| Exercise |
From the entries below, retype only the lines from the one with "豊橋市牧野町、中古一戸建ての画像です" through the one with "florsheim wingtip oxford shoes", exactly as written.

** Opening Data provided block **

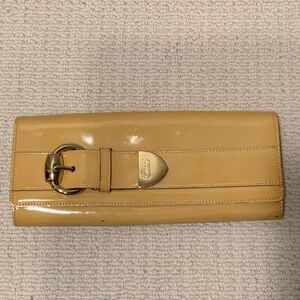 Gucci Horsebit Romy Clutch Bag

** Closing Data provided block **
** Opening Data provided block **

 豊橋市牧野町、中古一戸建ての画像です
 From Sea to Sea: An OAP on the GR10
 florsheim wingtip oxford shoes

** Closing Data provided block **
** Opening Data provided block **

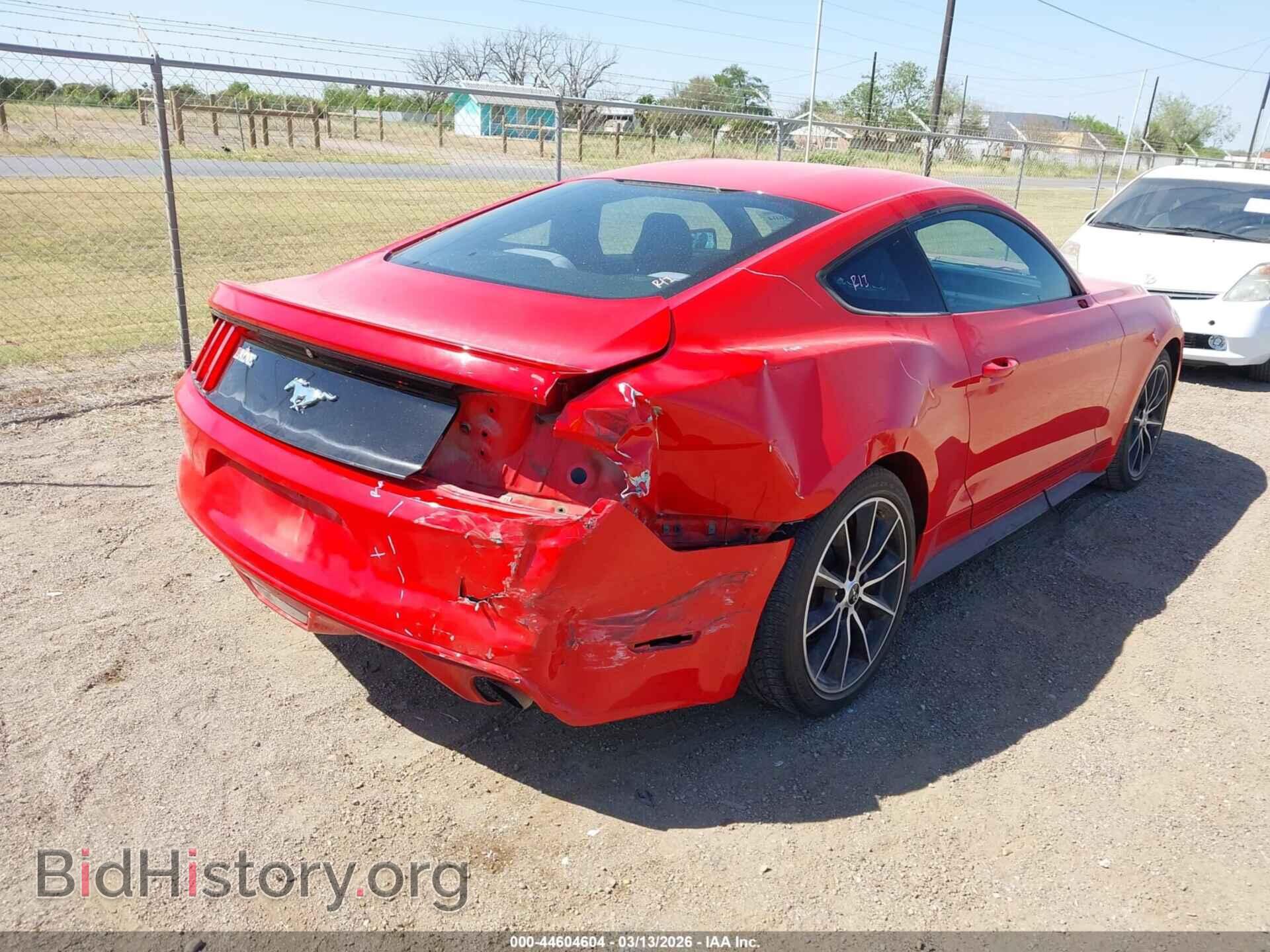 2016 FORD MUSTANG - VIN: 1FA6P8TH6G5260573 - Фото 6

** Closing Data provided block **

| Finished exercise |
 豊橋市牧野町、中古一戸建ての画像です
 From Sea to Sea: An OAP on the GR10
 florsheim wingtip oxford shoes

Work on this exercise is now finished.